The adapter passes per-request context into Mastra’s memory and tracing, so conversation memory and per-user traces work out of the box. The Mastra memory thread is set to the conversation ID and resource is set to the user ID — no extra wiring needed.

Voice (STT + TTS)

If the wrapped Agent has a voice provider configured, the adapter handles audio messages automatically:

StepAction
1Receive audio_config + audio_chunks from the messaging sidecar.
2Call voice.listen(audioStream, { filetype }) for STT.
3Send the transcript back so the platform updates the placeholder.
4Run agent.stream(transcript, ...) to generate the reply.
5If voice.speak exists, synthesize TTS and stream audio chunks back.

filetype is derived from the incoming AudioStreamConfig.encoding (see Messaging SDK — Audio).
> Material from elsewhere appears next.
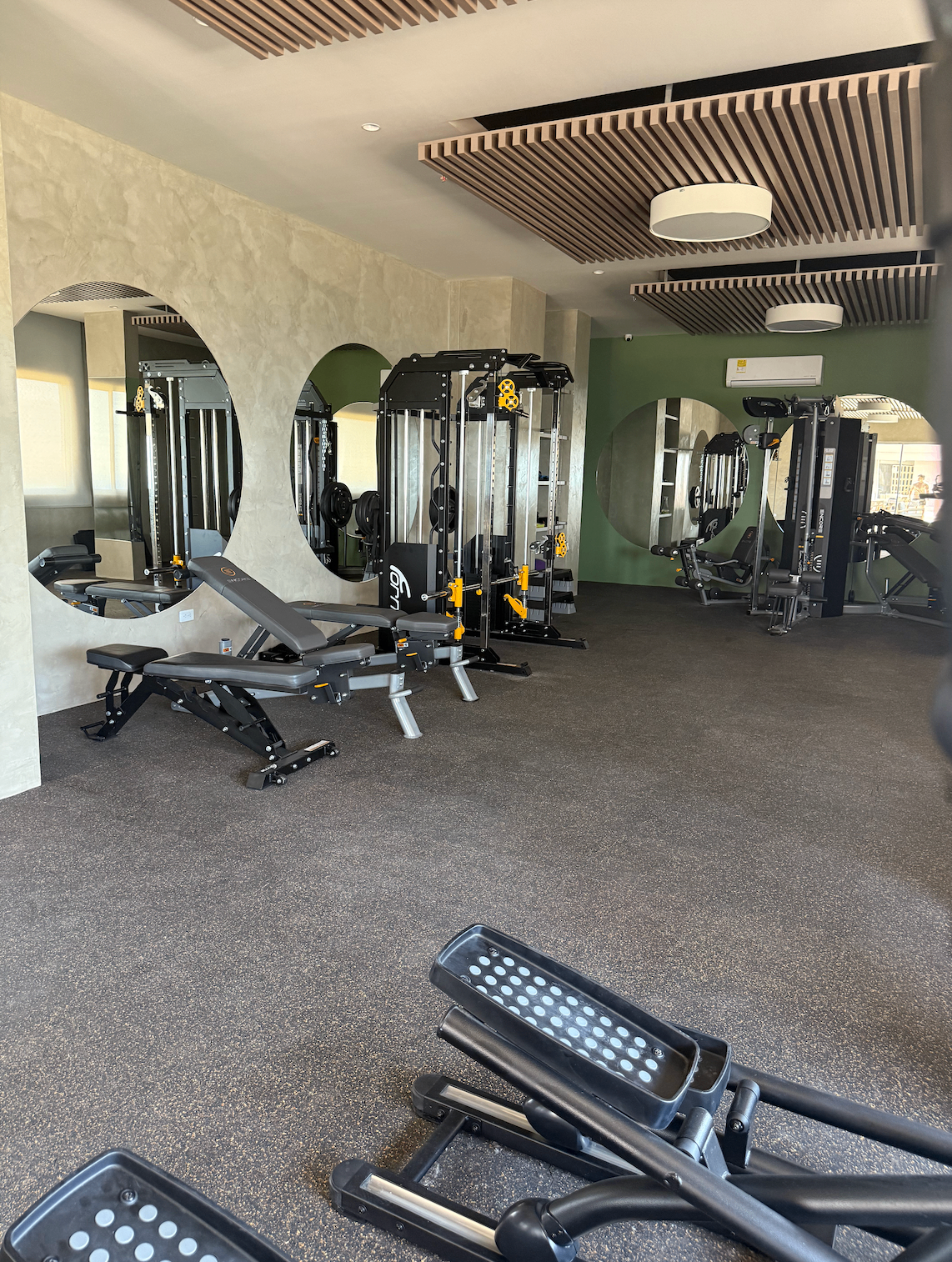 Gimnasio del edificio con equipos profesionales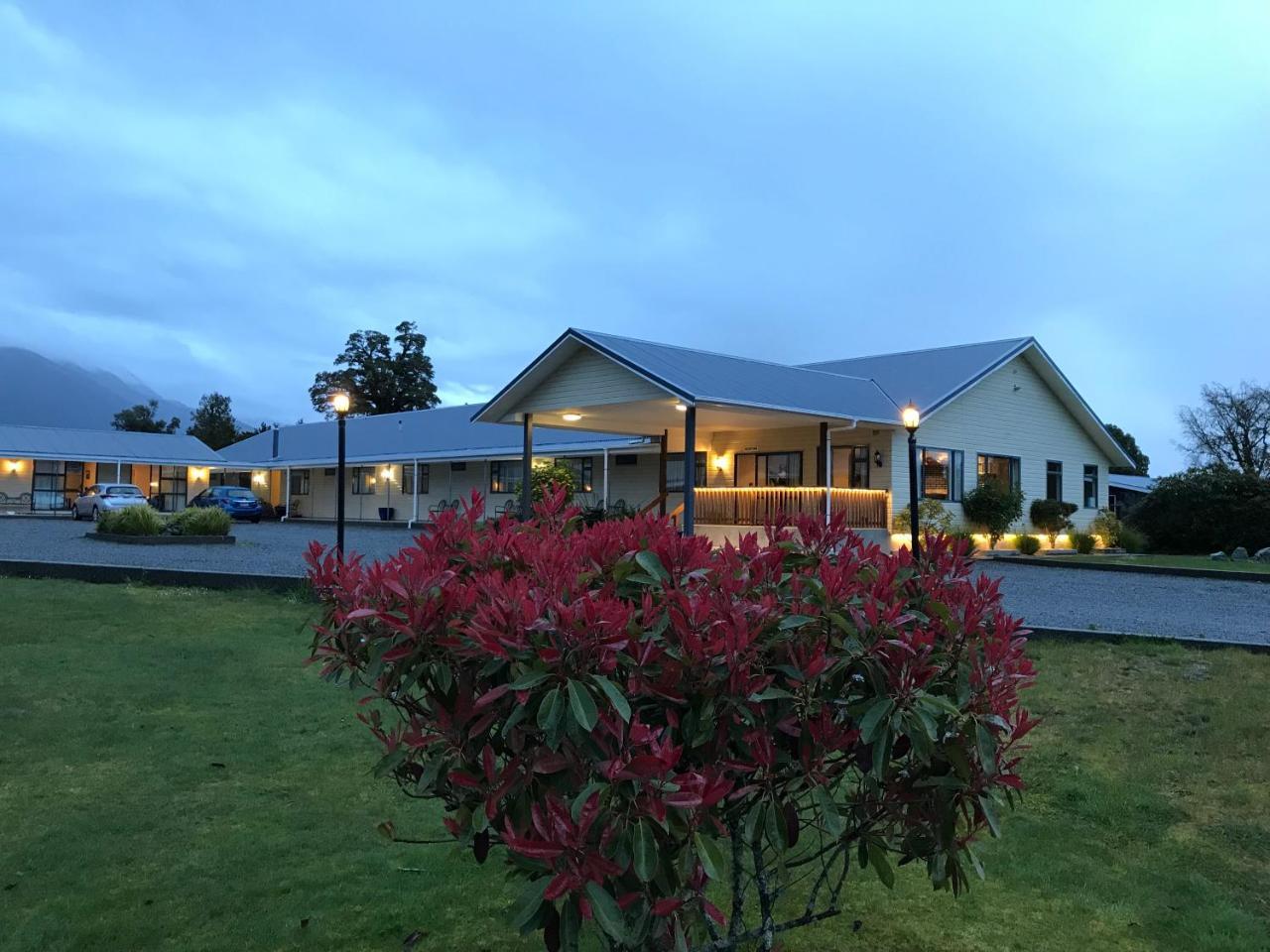 High Peaks Hotel Fox Glacier Exterior photo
To enable voice, configure a Mastra voice provider when constructing the agent (see Mastra’s voice docs). If voice is absent, audio messages are rejected with a friendly error.

Tracing

When OTEL_EXPORTER_OTLP_ENDPOINT is set, serve() automatically wires Mastra observability so every LLM call and tool invocation produces a trace span. No code changes needed — Astro sets the env var on deployed agents.

Example: an agent with tools

1import { Agent } from '@mastra/core/agent';
2import { createTool } from '@mastra/core/tools';
3import { serve } from '@astropods/adapter-mastra';
4import { z } from 'zod';
5
6const lookup = createTool({
7 id: 'customer_lookup',
8 description: 'Look up a customer by ID',
9 inputSchema: z.object({ id: z.string() }),
10 execute: async ({ context }) => {
11 return await fetch(`https://api.example.com/customers/${context.id}`).then(r => r.json());
12 },
13});
14
15const agent = new Agent({
16 name: 'Support Agent',
17 instructions: 'Help the user troubleshoot. Use customer_lookup when you need account details.',
18 model: 'anthropic/claude-sonnet-4-6',
19 tools: { lookup },
20});
21
22serve(agent);

Tool names and descriptions show up in the playground via getConfig(). When a tool runs, the user sees Running customer_lookupFinished customer_lookup as a status indicator.

Local development

$ast dev project start

ast dev runs the messaging sidecar on localhost:9090, sets GRPC_SERVER_ADDR, and opens the bundled playground at http://localhost:8080. The same serve(agent) code works locally and in production with no changes.

Troubleshooting

SymptomLikely cause
Waiting for messaging service (attempt N/10, ...)Sidecar isn’t up yet. Connection retries with exponential backoff.
Agent has no voice provider configuredAn audio message arrived but agent.voice is not configured.
Status indicator shows Running undefinedA tool was defined without an id. Set id on every createTool call.
Traces missingCheck OTEL_EXPORTER_OTLP_ENDPOINT is set.